Leveraging Non-Covalent Interactions for the Binding of CO by a Weakly Lewis Acidic Borane

Abstract

Known boron carbonyl complexes either exploit very high Lewis acidity or a low oxidation state boron centre in order to capture CO. By contrast, we report a carbonyl complex featuring a simple tri-coordinate borane, characterized by a Lewis acidity which is only marginally higher than B(NMe2)3. {(Ph2P)xanth}3B features a solid-state structure in which two of the three B-bound xanth(PPh2) units are projected above the BC3plane, generating an up,up,down conformation.
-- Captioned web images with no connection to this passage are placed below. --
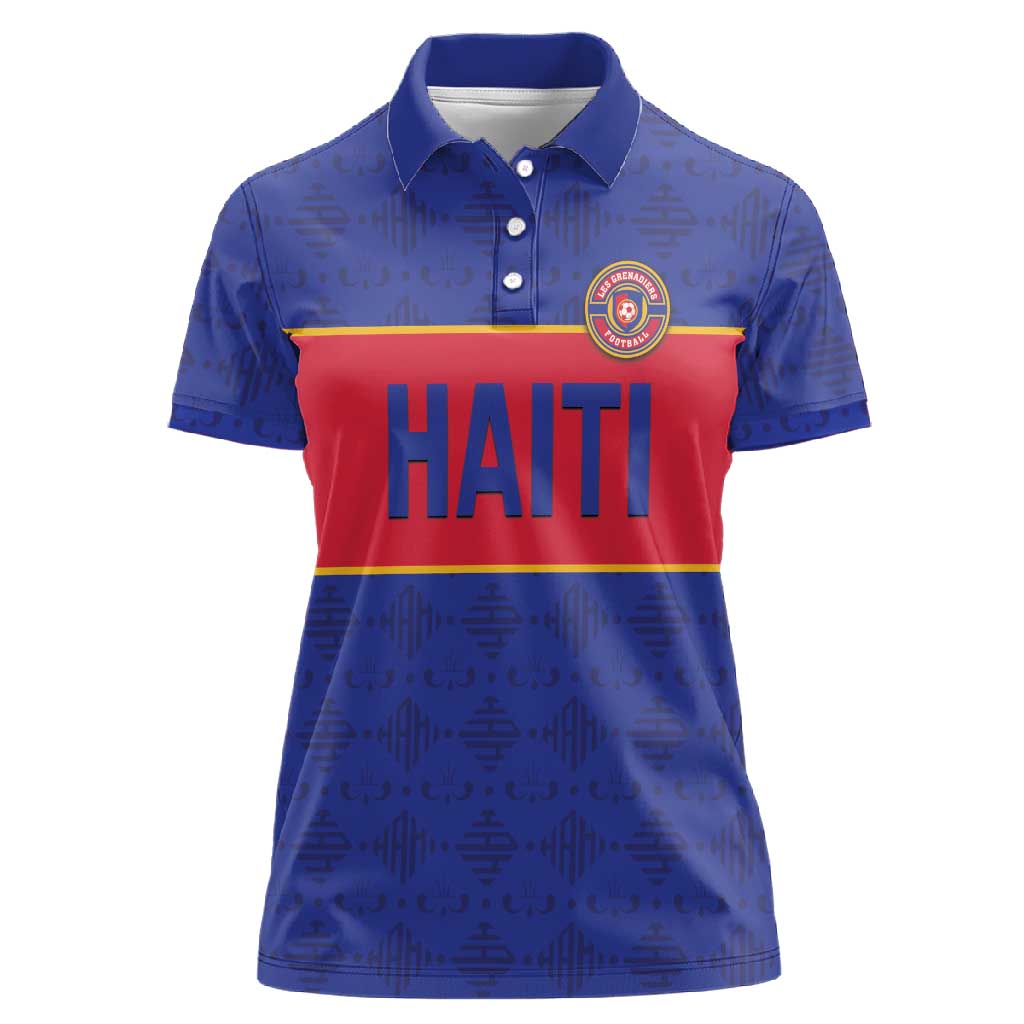Custom Afro Haiti Football Women Polo Shirt Le Rouge et Bleu Sporty Style - African Pride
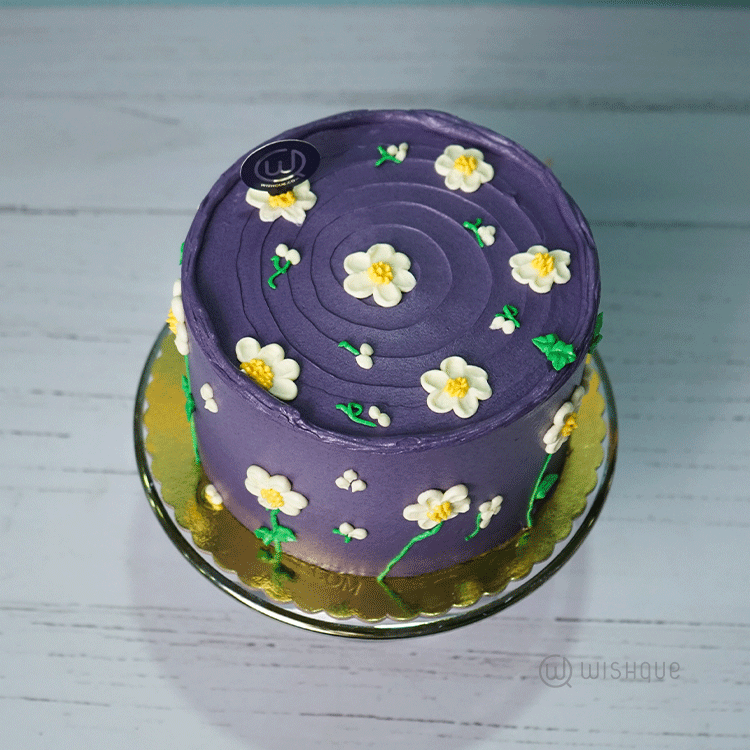 Lilac Daisy Ribbon Cake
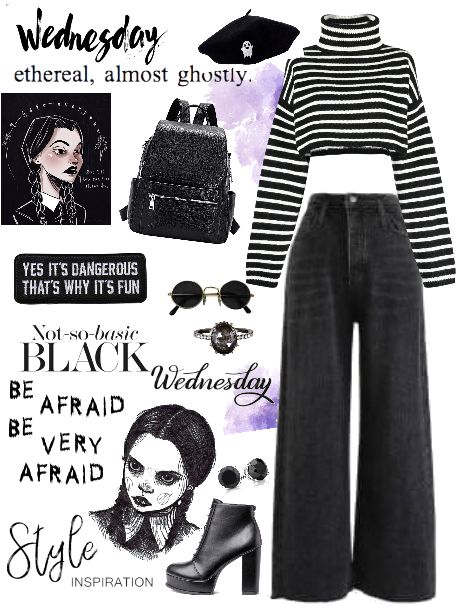 Wednesday Addams Ideas, Wednesday Themed Outfits, Modern Wednesday Addams Outfits, Wednesday Addams Clothing Aesthetic, Wednesday Core Outfits, Outfits Inspired By Wednesday Addams, Wednesday Addams Fits, Wednesday Tv Show Outfits, Wednesday Look Outfits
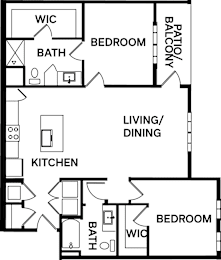 2 beds, 2 baths, 1,193 sqft, $2,275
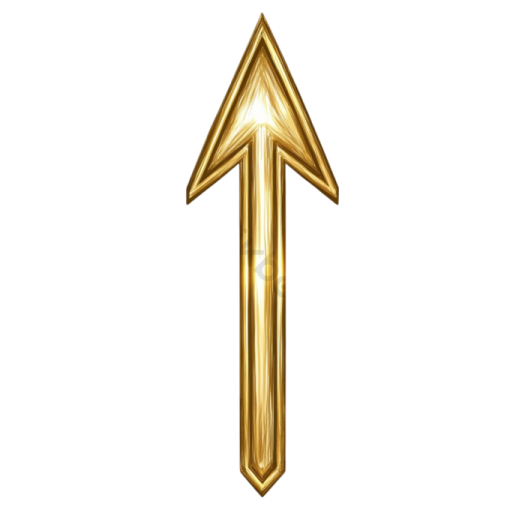 a gold arrow on a white background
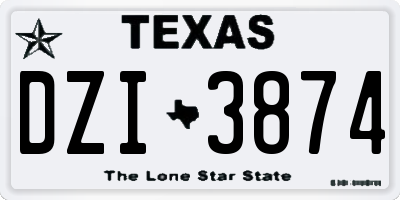 TX license plate DZI3874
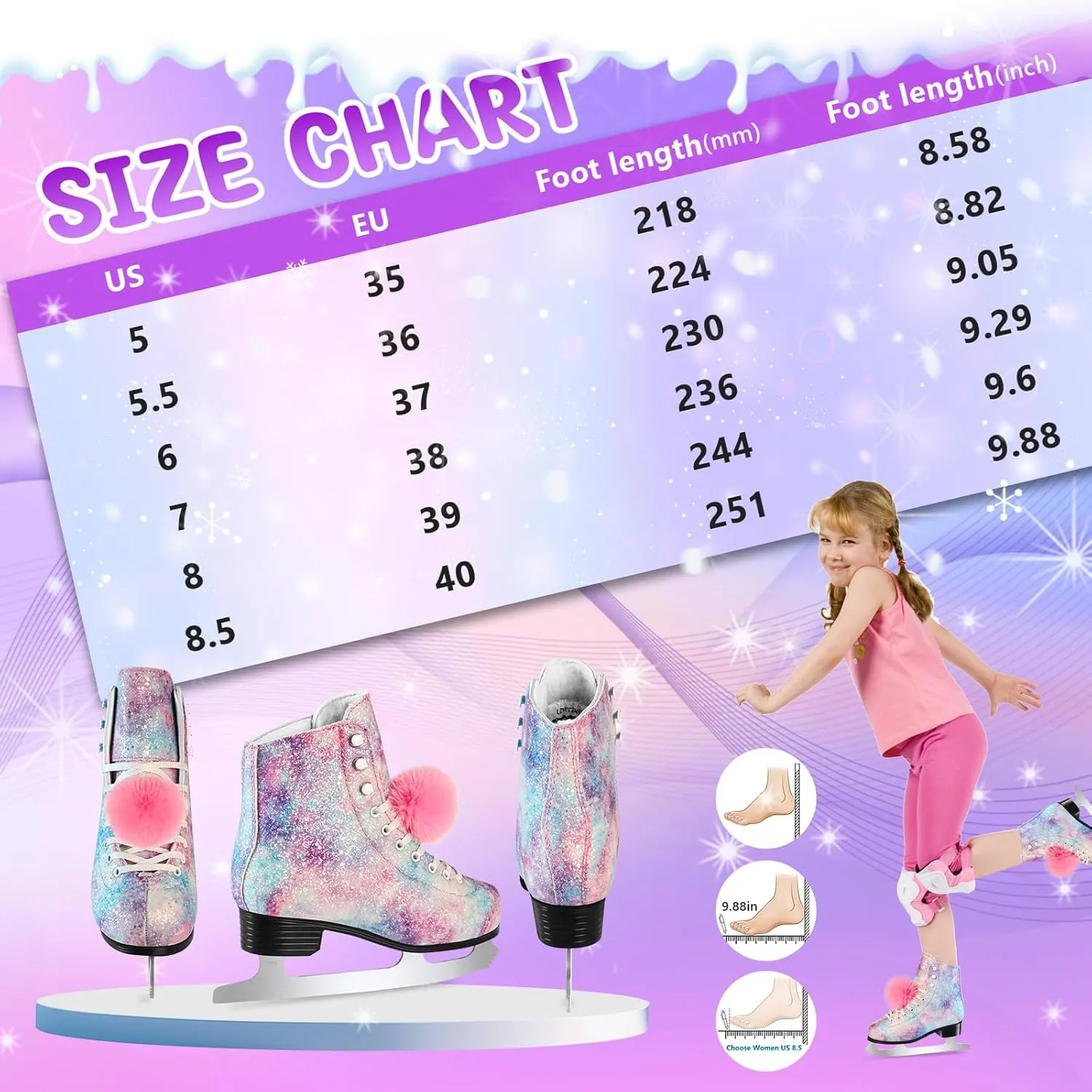 Women's/Girls Figure Ice Skates - Youth Figure Skating Shoes with Size Expansion - Comfortable, Durable, and Safe Indoor Outdoor Size 5 6 7 8 9 10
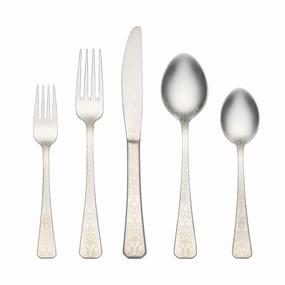 Floral Etch 30 Piece Flatware Kit
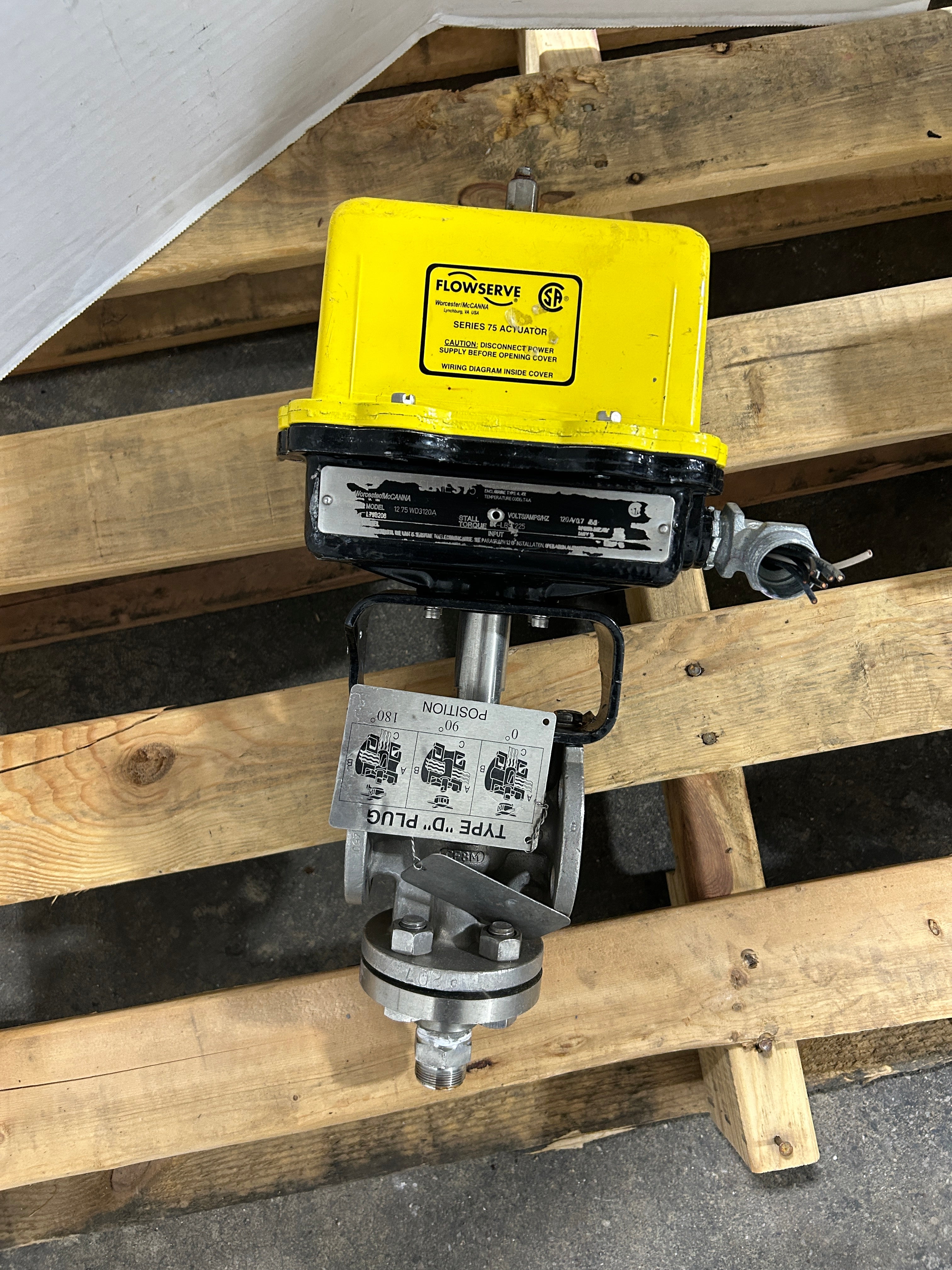 Worcester McCanna Series 75 Actuator 12 75 WD3120A 225 in.-lbs. Xomox 037D Valve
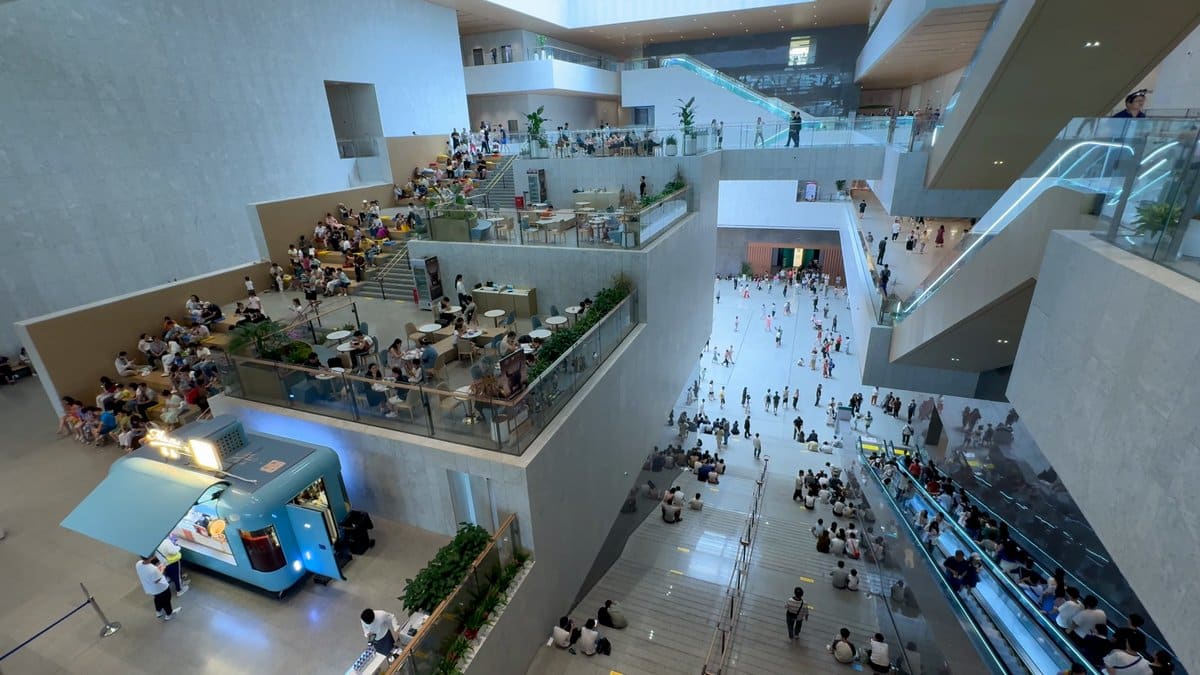 Atrium terraces and crossing escalators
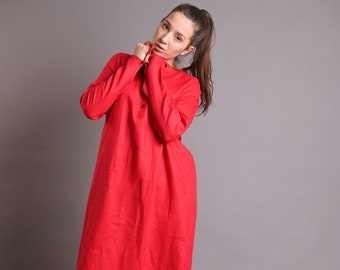 Linen Red Shirt Dress, Linen Red Dress, Linen Clothing, Plus Size Linen Shirt Dress, Red Dress In Linen, Women Linen Dress For Summer, Gaby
Quantum chemical methods, however, reveal that the alternative up,up,up alignment, characterized by a cage-like geometry and enhanced intramolecular non-covalent interactions, is favoured significantly in silico (by ca. 33.0 kcal mol-1). While this conformation is optimal for binding polar C3-symmetric H-bond donors such as NH3 (and related guests such as H2O and MeNH2) the binding of essentially non-polar substrates such as CO would be expected to be weak at best. However, exposure of {(Ph2P)xanth}3B to CO under mild conditions (1 bar, 25°C) reversibly yields {(Ph2P)xanth}3B·CO, a tractable cage-like borane carbonyl adduct featuring a central BCO moiety shrouded by xanth(PPh2) moieties. Dispersion forces are critical to substrate binding: the two binding modes in which the B-bound CO guest is located inside/outside the host cage differ in energy by 59.5 kcal mol-1.